🤖 AI Summary
This work addresses the inefficiency in notebook-based distributed workflows, where minor modifications often trigger full re-execution, severely hindering iterative development and reproducibility. To overcome this limitation, the authors propose NBRewind, a system that, for the first time, enables fine-grained incremental execution and cross-platform portability while preserving reproducibility. NBRewind integrates a dual-kernel architecture—comprising auditing and replay components—with cell-level incremental checkpoints and inter-cell dataflow analysis. It further leverages standardized notebook packaging to facilitate efficient partial re-execution.
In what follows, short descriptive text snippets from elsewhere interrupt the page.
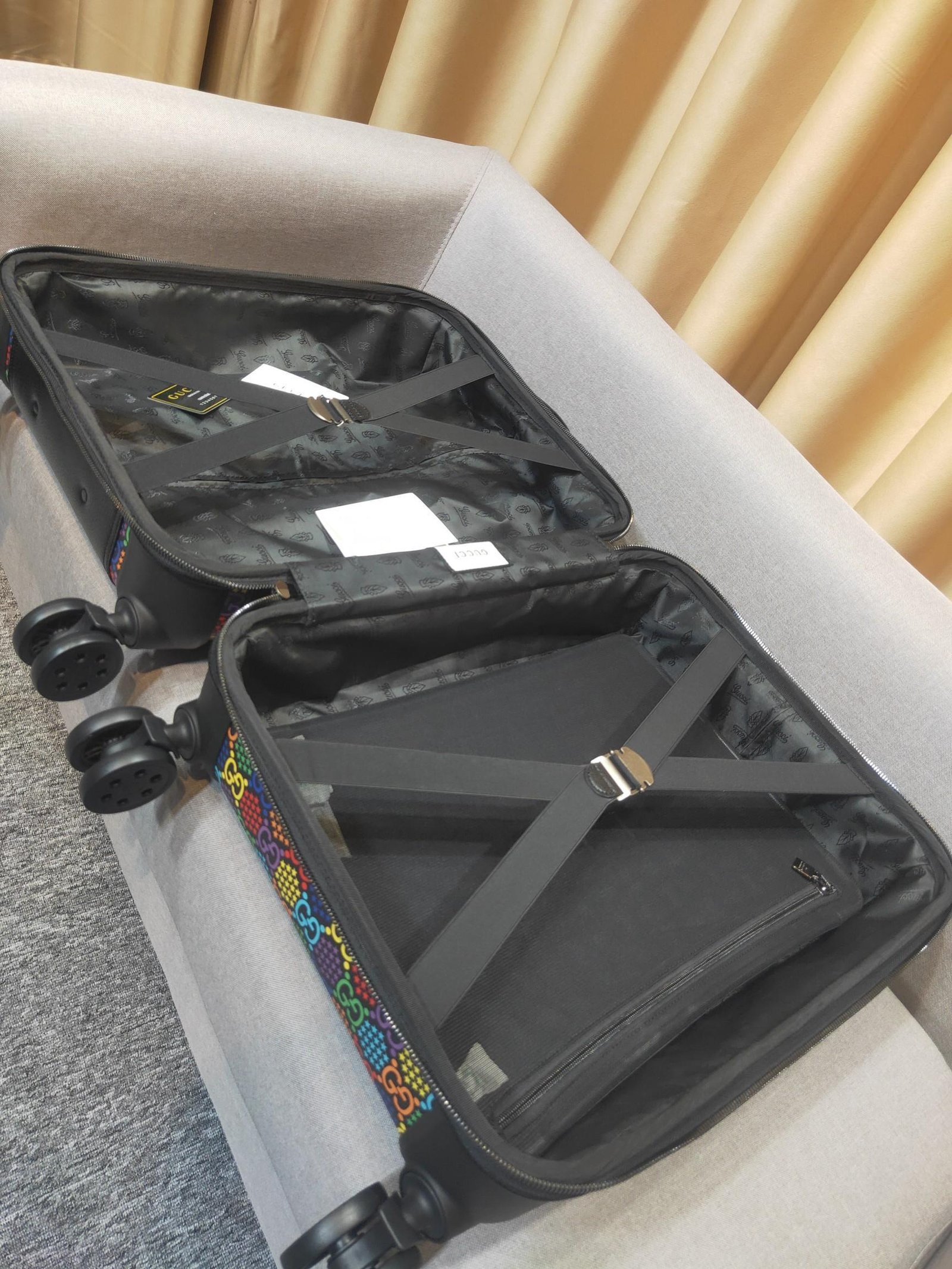 Gucci x Globe-Trotter GG Psychedelic Carry-On Suitcase 100% original thumbnail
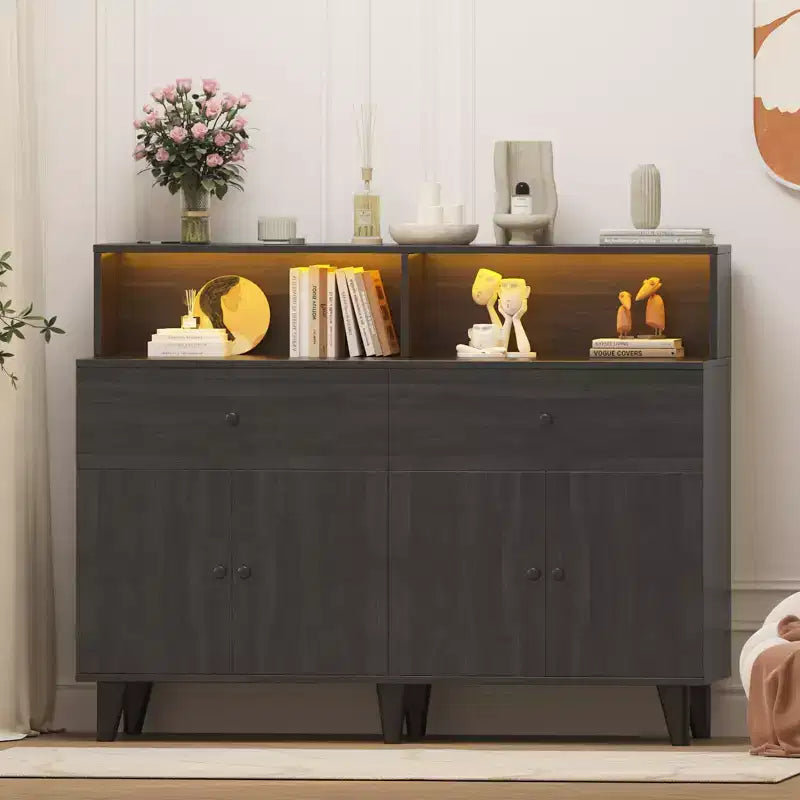 Mobiletto da caffè da 47,2 pollici con prese di corrente, 2 cassetti, 4 ante e ripiani – Credenza a buffet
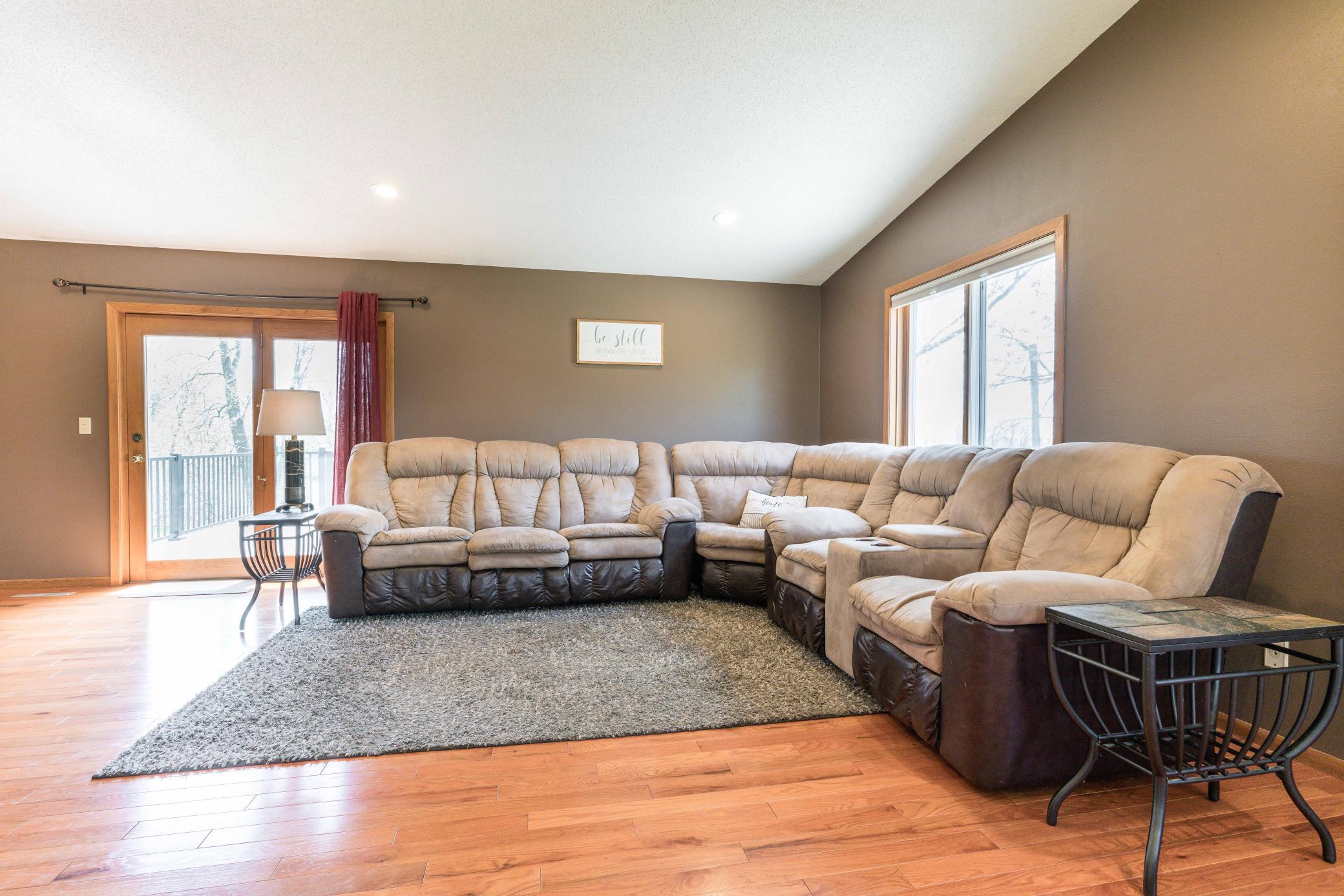 18739 County Highway 33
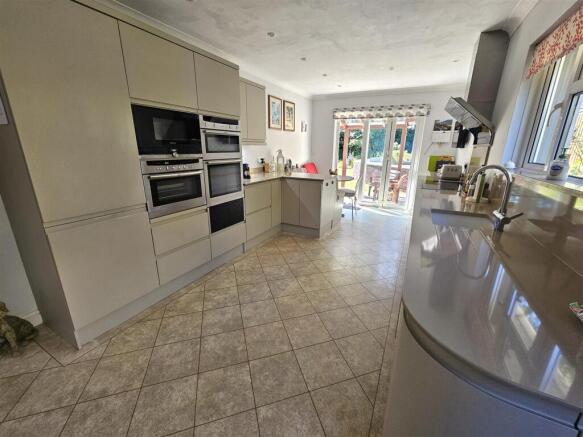 Kitchen Breakfast Room.jpg
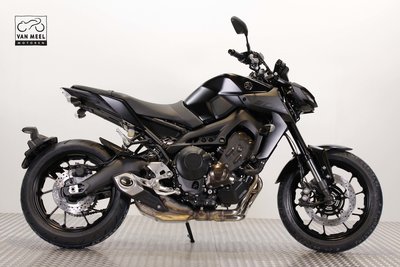 YAMAHA MT-09 Tech Black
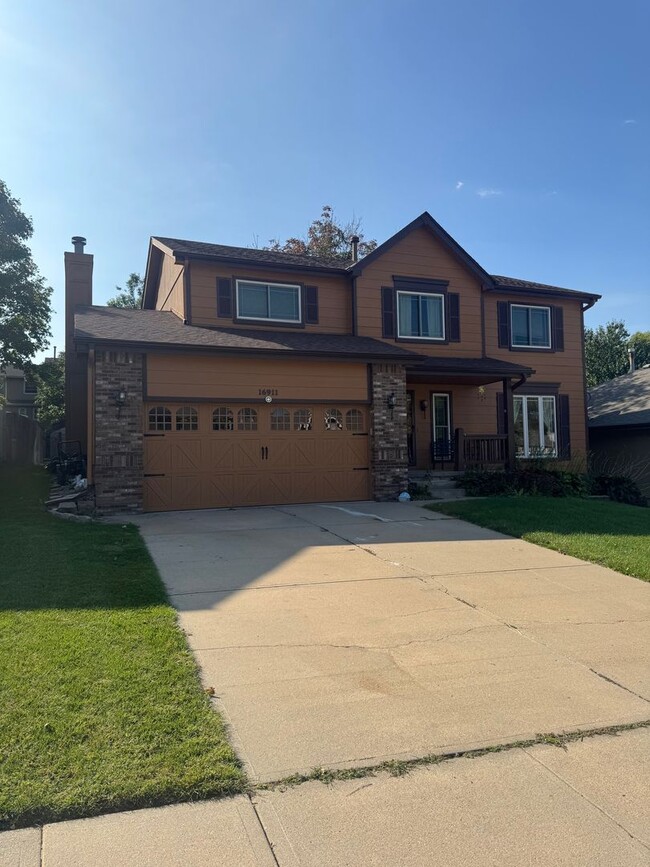 Building Photo - Spacious 4-Bed Lake Shore Two-Story with F...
Evaluation in real-world high-performance computing (HPC) scenarios demonstrates that NBRewind incurs minimal overhead for incremental checkpointing and substantially improves both execution efficiency and cross-site reproducibility.
📝 Abstract
Notebooks provide an author-friendly environment for iterative development, modular execution, and easy sharing. Distributed workflows are increasingly being authored and executed in notebooks, yet sharing and reproducing them remains challenging. Even small code or parameter changes often force full end-to-end re-execution of the distributed workflow, limiting iterative development for such workloads. Current methods for improving notebook execution operate on single-node workflows, while optimization techniques for distributed workflows typically sacrifice reproducibility. We introduce NBRewind, a notebook kernel system for efficient, reproducible execution of distributed workflows in notebooks. NBRewind consists of two kernels--audit and repeat. The audit kernel performs incremental, cell-level checkpointing to avoid unnecessary re-runs; repeat reconstructs checkpoints and enables partial re-execution including notebook cells that manage distributed workflow. Both kernel methods are based on data-flow analysis across cells. We show how checkpoints and logs when packaged as part of standardized notebook specification improve sharing and reproducibility. Using real-world case studies we show that creating incremental checkpoints adds minimal overhead and enables portable, cross-site reproducibility of notebook-based distributed workflows on HPC systems.